L’expérience de Biocoop, dans la création de relations vertueuses, réside dans la coopération et ce depuis ses débuts. C’est notre socle, notre conviction ! Notre monde pose le défi d’un profond changement de modèle, que seule la bio est en mesure de relever. Et ce défi, nous ne pourrons le relever qu’ensemble. Le modèle coopératif nous a permis au fil des années de créer une section agricole (20 groupements de producteurs à date et 2 producteurs sociétaires siègent au conseil d’administration) – en plus des sections magasins, consommateurs et salariés -. Nous avons, autour de la table, toutes les parties prenantes « de la fourche à la fourchette ». Ainsi, nous pouvons définir le partage de la valeur sur toute la chaîne et sortir de relations uniquement commerciales. Notre ambition est claire et affirmée : être l’un des acteurs majeurs de la transition vers un monde plus solidaire et responsable.

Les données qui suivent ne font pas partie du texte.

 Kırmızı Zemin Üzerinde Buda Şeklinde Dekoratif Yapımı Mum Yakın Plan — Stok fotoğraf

Le « ensemble » est au coeur de notre organisation, de notre projet sociétal.
Concrètement, en magasin, nous avons une marque («Ensemble») qui caractérise un cahier des charges commerce équitable Origine France, qui édicte ces règles de partage et de préoccupation autres qu’économiques. Ainsi, les producteurs s’engagent au 100% bio, à ne pas faire appel à des travailleurs détachés et la coopérative Biocoop reverse 1% du Chiffre d’Affaires de ces ventes aux groupements de producteurs pour leur structuration et leurs projets (cela a représenté près de 900 000€ en 2018).

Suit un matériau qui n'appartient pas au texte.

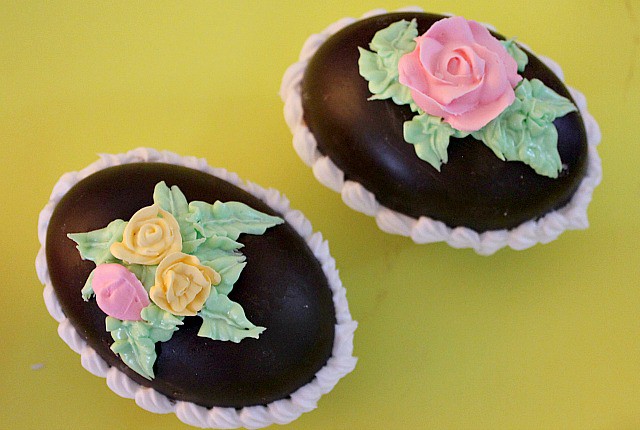 Use royal icing to add roses and leaves to the top of the hollow chocolate eggs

Pensez-vous que le salut des agriculteurs se trouve dans les mains des consommateurs ? Et qu’une augmentation de la participation des citoyens aux décisions alimentaires et agricoles est nécessaire ?
Biocoop intègre le consommateur dans sa gouvernance et son conseil d’administration. C’est unique en Europe et important à souligner. Nous voulons bousculer les lignes en intégrant le consommateur dans le processus de partage de la valeur… Mais cela demande de la pédagogie. Ecouter la sensibilité première des consommateurs pourrait nous orienter uniquement sur des questions de prix. C’est ce qu’a fait la grande distribution et nous savons que cela nous a amené à de la destruction de valeur économique, environnementale et qualitative.
Aujourd’hui, les consciences ont changé : l’acte d’achat est un acte «politique». Nous pouvons orienter les productions, les provenances, relocaliser l’économie, encourager des modes de production comme le bio, etc. Il faut encourager le citoyen à faire ses courses comme il se rendrait aux urnes, plutôt que dans une simple logique de consommation.
Notre modèle politique n’est pas construit pour une participation active des citoyens sur les différents sujets. C’est pourquoi, la participation citoyenne ne pourra qu’être locale et coopérative. C’est la force d’un réseau comme Biocoop qui allie projets de territoire et enseigne nationale (avec charte et cahier des charges). Nous aurons besoin de notre classe politique qui manque malheureusement de courage pour les questions de mutations de société. Car au-delà du modèle agricole, c’est bien vers une mutation de la société qu’il nous faut nous engager. Et nous n’avons même plus une génération pour le faire. Cela nous concerne tous.